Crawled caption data

——————————

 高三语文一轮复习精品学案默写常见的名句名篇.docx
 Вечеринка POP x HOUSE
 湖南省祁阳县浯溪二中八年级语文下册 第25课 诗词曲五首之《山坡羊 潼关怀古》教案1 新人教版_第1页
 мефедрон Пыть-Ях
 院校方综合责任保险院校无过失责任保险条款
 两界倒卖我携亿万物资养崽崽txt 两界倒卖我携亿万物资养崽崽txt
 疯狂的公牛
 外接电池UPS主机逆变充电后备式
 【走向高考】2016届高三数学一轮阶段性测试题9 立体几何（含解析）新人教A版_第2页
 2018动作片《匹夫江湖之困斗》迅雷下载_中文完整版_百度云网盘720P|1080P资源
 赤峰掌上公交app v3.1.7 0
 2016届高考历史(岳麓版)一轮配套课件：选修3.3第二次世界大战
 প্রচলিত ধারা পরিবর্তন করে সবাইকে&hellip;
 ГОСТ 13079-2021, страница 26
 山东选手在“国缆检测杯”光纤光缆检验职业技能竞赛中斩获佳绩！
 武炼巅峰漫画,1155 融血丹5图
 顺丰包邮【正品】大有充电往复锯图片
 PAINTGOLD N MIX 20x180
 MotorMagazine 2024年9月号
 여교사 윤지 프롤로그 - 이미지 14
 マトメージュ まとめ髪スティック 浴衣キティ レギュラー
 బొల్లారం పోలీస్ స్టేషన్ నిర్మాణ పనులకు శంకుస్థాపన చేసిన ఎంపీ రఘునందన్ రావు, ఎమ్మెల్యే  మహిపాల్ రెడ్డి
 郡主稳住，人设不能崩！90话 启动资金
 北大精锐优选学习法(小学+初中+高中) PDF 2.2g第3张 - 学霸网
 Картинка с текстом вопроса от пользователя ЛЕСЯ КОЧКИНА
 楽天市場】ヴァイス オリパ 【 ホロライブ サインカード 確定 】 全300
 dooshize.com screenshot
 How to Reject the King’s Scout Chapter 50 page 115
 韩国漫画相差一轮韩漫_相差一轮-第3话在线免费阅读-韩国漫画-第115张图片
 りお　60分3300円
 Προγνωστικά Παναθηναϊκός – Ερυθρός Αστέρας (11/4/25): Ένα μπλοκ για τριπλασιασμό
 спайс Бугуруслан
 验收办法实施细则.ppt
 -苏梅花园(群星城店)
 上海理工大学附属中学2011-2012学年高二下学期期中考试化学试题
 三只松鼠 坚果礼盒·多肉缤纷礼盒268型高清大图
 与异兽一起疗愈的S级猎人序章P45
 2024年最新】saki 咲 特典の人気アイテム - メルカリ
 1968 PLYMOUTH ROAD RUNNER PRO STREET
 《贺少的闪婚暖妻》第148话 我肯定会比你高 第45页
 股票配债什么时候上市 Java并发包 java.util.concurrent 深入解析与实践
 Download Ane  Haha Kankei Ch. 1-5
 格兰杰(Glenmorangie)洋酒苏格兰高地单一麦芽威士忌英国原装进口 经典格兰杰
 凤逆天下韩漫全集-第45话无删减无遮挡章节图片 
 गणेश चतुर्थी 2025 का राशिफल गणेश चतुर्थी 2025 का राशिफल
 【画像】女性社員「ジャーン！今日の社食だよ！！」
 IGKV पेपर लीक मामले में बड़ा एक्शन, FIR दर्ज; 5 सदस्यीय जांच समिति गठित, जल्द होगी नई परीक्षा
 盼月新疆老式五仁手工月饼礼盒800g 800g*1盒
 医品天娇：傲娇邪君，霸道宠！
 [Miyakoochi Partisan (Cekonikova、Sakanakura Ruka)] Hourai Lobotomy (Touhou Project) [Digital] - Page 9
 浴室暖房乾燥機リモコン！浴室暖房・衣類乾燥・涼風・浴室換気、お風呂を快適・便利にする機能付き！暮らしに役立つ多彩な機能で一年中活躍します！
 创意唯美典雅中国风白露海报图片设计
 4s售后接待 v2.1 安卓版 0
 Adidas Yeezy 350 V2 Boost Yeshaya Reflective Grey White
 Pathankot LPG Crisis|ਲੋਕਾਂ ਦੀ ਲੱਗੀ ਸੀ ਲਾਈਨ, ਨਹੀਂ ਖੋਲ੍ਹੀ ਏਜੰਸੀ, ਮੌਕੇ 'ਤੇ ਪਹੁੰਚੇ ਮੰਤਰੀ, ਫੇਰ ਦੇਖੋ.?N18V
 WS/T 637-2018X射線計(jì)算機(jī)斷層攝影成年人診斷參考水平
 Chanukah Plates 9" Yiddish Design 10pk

——————————

- REQUIREMENT -
Please repeat every entry, exactly as it was written.

- RESPONSE FOR THIS EXERCISE -
 高三语文一轮复习精品学案默写常见的名句名篇.docx
 Вечеринка POP x HOUSE
 湖南省祁阳县浯溪二中八年级语文下册 第25课 诗词曲五首之《山坡羊 潼关怀古》教案1 新人教版_第1页
 мефедрон Пыть-Ях
 院校方综合责任保险院校无过失责任保险条款
 两界倒卖我携亿万物资养崽崽txt 两界倒卖我携亿万物资养崽崽txt
 疯狂的公牛
 外接电池UPS主机逆变充电后备式
 【走向高考】2016届高三数学一轮阶段性测试题9 立体几何（含解析）新人教A版_第2页
 2018动作片《匹夫江湖之困斗》迅雷下载_中文完整版_百度云网盘720P|1080P资源
 赤峰掌上公交app v3.1.7 0
 2016届高考历史(岳麓版)一轮配套课件：选修3.3第二次世界大战
 প্রচলিত ধারা পরিবর্তন করে সবাইকে&hellip;
 ГОСТ 13079-2021, страница 26
 山东选手在“国缆检测杯”光纤光缆检验职业技能竞赛中斩获佳绩！
 武炼巅峰漫画,1155 融血丹5图
 顺丰包邮【正品】大有充电往复锯图片
 PAINTGOLD N MIX 20x180
 MotorMagazine 2024年9月号
 여교사 윤지 프롤로그 - 이미지 14
 マトメージュ まとめ髪スティック 浴衣キティ レギュラー
 బొల్లారం పోలీస్ స్టేషన్ నిర్మాణ పనులకు శంకుస్థాపన చేసిన ఎంపీ రఘునందన్ రావు, ఎమ్మెల్యే  మహిపాల్ రెడ్డి
 郡主稳住，人设不能崩！90话 启动资金
 北大精锐优选学习法(小学+初中+高中) PDF 2.2g第3张 - 学霸网
 Картинка с текстом вопроса от пользователя ЛЕСЯ КОЧКИНА
 楽天市場】ヴァイス オリパ 【 ホロライブ サインカード 確定 】 全300
 dooshize.com screenshot
 How to Reject the King’s Scout Chapter 50 page 115
 韩国漫画相差一轮韩漫_相差一轮-第3话在线免费阅读-韩国漫画-第115张图片
 りお　60分3300円
 Προγνωστικά Παναθηναϊκός – Ερυθρός Αστέρας (11/4/25): Ένα μπλοκ για τριπλασιασμό
 спайс Бугуруслан
 验收办法实施细则.ppt
 -苏梅花园(群星城店)
 上海理工大学附属中学2011-2012学年高二下学期期中考试化学试题
 三只松鼠 坚果礼盒·多肉缤纷礼盒268型高清大图
 与异兽一起疗愈的S级猎人序章P45
 2024年最新】saki 咲 特典の人気アイテム - メルカリ
 1968 PLYMOUTH ROAD RUNNER PRO STREET
 《贺少的闪婚暖妻》第148话 我肯定会比你高 第45页
 股票配债什么时候上市 Java并发包 java.util.concurrent 深入解析与实践
 Download Ane  Haha Kankei Ch. 1-5
 格兰杰(Glenmorangie)洋酒苏格兰高地单一麦芽威士忌英国原装进口 经典格兰杰
 凤逆天下韩漫全集-第45话无删减无遮挡章节图片 
 गणेश चतुर्थी 2025 का राशिफल गणेश चतुर्थी 2025 का राशिफल
 【画像】女性社員「ジャーン！今日の社食だよ！！」
 IGKV पेपर लीक मामले में बड़ा एक्शन, FIR दर्ज; 5 सदस्यीय जांच समिति गठित, जल्द होगी नई परीक्षा
 盼月新疆老式五仁手工月饼礼盒800g 800g*1盒
 医品天娇：傲娇邪君，霸道宠！
 [Miyakoochi Partisan (Cekonikova、Sakanakura Ruka)] Hourai Lobotomy (Touhou Project) [Digital] - Page 9
 浴室暖房乾燥機リモコン！浴室暖房・衣類乾燥・涼風・浴室換気、お風呂を快適・便利にする機能付き！暮らしに役立つ多彩な機能で一年中活躍します！
 创意唯美典雅中国风白露海报图片设计
 4s售后接待 v2.1 安卓版 0
 Adidas Yeezy 350 V2 Boost Yeshaya Reflective Grey White
 Pathankot LPG Crisis|ਲੋਕਾਂ ਦੀ ਲੱਗੀ ਸੀ ਲਾਈਨ, ਨਹੀਂ ਖੋਲ੍ਹੀ ਏਜੰਸੀ, ਮੌਕੇ 'ਤੇ ਪਹੁੰਚੇ ਮੰਤਰੀ, ਫੇਰ ਦੇਖੋ.?N18V
 WS/T 637-2018X射線計(jì)算機(jī)斷層攝影成年人診斷參考水平
 Chanukah Plates 9" Yiddish Design 10pk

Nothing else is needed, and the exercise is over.